Une place de Jaude noyée de monde. Comme aux plus beaux jours des titres de l’ASM. Et un froid qui glaçait les os. Par milliers, ils s’étaient rassemblés, venant des quatre coins de la ville et de bien au-delà. Que dire face à l’effroi ? Sinon affirmer ses valeurs et son refus de céder… Que faire face à la douleur ? Sinon l’affronter et communier… Nous étions le 11 janvier d’un autre hiver. Il y a six ans… Ce jour là, le photographe et éditeur clermontois Francis Debaisieux se trouvait dans la foule, un parmi les 80.000 autres…mais muni d’un appareil photo et conscient de vivre une journée à nulle autre pareille.
Une rédaction décapitée
Quatre jours plus tôt, des terroristes, les frères Chérid et Saïd Kouachi avaient pénétré dans les locaux de l’hebdomadaire Charlie Hebdo, rue Nicolas-Appert à Paris pour assassiner douze personnes. Des membres de la rédaction de l’hebdomadaire, coupables aux yeux des meurtriers d’avoir publié des caricatures de Mahomet mais aussi un policier, un membre d’une société de maintenance et le Clermontois Michel Renaud que les hasards de l’existence (mais le hasard existe-t-il ?) avait mené jusque-là, par le biais du Rendez-vous du Carnet de voyage. » J‘ai été membre bénévole du Rendez-vous du Carnet de voyage pendant huit années. A l’origine, c’est Michel Renaud, alors président, qui m’avait accueilli. Sa mort m’a donc particulièrement ému. Je me devais, dès lors, d’être présent à cette grande manifestation. Et en tant que photographe, j’ai voulu aussi garder des traces de cette journée. A mes yeux, il s’agissait également d’une forme d’hommage à toutes les victimes de cet assassinat » explique aujourd’hui Francis Debaisieux.

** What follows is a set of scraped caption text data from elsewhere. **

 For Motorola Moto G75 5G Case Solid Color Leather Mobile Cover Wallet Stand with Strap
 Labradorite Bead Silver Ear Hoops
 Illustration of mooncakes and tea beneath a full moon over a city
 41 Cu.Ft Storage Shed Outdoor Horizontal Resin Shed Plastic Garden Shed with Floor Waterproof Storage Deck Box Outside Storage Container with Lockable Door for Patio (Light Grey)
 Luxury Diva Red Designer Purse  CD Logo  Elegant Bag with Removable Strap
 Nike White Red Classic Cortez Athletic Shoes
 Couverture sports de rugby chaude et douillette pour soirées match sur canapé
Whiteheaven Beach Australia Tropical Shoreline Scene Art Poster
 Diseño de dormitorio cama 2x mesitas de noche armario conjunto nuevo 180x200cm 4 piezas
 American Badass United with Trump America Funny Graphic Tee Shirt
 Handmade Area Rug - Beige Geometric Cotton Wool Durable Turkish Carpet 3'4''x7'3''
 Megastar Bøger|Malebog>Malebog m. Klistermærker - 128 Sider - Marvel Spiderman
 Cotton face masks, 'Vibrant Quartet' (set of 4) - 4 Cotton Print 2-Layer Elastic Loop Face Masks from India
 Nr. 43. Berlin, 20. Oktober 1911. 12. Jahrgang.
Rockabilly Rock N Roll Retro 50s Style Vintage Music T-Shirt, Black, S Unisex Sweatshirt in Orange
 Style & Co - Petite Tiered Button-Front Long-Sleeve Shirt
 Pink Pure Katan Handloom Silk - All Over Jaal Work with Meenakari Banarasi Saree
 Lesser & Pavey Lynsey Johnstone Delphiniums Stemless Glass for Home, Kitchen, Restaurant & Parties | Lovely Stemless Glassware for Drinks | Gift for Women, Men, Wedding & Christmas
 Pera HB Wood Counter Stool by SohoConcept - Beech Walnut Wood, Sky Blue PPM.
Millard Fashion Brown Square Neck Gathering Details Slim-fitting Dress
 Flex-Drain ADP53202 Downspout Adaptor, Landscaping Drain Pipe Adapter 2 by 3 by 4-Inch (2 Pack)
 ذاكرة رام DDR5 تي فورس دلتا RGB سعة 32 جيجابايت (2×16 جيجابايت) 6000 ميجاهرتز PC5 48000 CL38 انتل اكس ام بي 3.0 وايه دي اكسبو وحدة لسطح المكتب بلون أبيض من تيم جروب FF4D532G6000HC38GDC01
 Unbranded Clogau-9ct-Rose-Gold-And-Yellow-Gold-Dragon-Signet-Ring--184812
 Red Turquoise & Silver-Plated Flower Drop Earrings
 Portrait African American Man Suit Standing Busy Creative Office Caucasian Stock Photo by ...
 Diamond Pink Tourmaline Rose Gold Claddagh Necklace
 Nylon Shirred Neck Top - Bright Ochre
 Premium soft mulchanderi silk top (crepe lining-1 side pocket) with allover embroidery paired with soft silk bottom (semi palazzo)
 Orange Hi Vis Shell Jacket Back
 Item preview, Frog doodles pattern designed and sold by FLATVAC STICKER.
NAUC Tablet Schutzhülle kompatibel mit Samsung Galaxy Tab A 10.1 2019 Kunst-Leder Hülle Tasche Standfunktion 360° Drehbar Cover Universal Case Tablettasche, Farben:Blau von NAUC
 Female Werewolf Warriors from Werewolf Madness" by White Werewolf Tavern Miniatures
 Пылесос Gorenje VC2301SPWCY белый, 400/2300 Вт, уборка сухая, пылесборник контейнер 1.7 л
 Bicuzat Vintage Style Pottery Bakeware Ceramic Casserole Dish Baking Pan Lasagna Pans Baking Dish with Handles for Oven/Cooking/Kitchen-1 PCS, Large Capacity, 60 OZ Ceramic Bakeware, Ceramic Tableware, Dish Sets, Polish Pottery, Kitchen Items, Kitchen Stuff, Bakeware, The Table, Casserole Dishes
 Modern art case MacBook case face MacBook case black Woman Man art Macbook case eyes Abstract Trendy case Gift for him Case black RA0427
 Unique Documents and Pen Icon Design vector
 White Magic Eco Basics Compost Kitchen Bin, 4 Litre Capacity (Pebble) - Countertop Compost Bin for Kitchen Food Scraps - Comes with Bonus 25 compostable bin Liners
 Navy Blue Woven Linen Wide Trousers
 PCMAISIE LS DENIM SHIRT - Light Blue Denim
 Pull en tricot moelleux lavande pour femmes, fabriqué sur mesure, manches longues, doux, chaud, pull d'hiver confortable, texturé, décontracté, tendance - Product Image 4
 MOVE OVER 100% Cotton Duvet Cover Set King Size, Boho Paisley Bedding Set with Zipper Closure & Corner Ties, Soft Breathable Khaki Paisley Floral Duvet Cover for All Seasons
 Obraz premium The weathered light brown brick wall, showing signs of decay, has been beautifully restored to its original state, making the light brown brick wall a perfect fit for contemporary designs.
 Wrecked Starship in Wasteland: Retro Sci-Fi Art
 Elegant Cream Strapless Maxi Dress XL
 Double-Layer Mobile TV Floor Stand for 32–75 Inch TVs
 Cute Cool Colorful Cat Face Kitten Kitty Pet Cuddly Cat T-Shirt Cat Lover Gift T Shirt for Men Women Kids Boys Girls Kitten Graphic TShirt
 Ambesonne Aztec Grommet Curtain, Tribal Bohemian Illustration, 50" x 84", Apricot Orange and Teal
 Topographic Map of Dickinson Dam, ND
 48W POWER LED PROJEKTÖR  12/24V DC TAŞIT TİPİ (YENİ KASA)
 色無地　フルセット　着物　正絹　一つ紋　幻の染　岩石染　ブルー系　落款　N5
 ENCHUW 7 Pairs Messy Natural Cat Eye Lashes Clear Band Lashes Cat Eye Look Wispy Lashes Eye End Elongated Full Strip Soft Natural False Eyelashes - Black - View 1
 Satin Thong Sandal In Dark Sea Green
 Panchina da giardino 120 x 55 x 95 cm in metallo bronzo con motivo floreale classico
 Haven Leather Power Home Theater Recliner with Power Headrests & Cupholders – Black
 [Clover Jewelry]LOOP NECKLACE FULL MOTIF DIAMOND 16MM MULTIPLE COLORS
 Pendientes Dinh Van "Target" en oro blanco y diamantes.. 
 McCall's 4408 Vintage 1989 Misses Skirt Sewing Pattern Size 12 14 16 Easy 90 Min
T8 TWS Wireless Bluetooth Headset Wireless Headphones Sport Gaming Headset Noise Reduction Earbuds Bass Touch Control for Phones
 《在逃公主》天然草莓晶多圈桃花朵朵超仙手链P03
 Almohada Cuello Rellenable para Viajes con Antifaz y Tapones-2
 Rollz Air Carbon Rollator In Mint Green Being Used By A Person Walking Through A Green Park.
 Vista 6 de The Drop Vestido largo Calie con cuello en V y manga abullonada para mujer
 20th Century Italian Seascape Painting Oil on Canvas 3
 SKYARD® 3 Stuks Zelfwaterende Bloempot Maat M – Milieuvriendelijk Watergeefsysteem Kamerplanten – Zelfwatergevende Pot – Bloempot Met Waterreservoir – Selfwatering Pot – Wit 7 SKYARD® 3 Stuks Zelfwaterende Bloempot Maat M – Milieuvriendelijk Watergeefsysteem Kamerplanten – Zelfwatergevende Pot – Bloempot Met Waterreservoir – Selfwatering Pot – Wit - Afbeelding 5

Des images et une exposition
A Clermont, ce 10 janvier, la foule a inondé les rues, se déplaçant lentement vers l’avenue des Etats-Unis, puis la place Delille, pour rejoindre pas à pas, peu à peu, la place du 1er mai et le parvis de Polydôme où des gerbes ont été déposées. Michel Renaud, sans doute, était dans les esprits. Et au-delà, pour tous, l’horreur du terrorisme, du sang et de la barbarie la plus infâme… Une réaction digne face à un meurtre lâche. Quant aux photos saisies par Francis Debaisieux, tout au long de ce cortège douloureux, elles ont fait ensuite l’objet d’une exposition. « Anne-Sophie Simonet a écrit des textes en lien avec les images et nous avons structuré l’exposition ensemble. Elle a circulé pendant trois ans dans des collèges, des lycées et des écoles avec le concours de l’académie » précise le photographe.
Dix mois plus tard, dans la nuit du 13 novembre, ce serait l’horreur du Bataclan et les attaques simultanées perpétrées à Paris: 130 vies supprimées. Et le 14 juillet 2016, l’attentat de Nice et ses 86 morts. Depuis, la trop longue liste des victimes s’est poursuivie. Le 11 janvier 2015 paraît lointain, pourtant la menace rôde encore et toujours.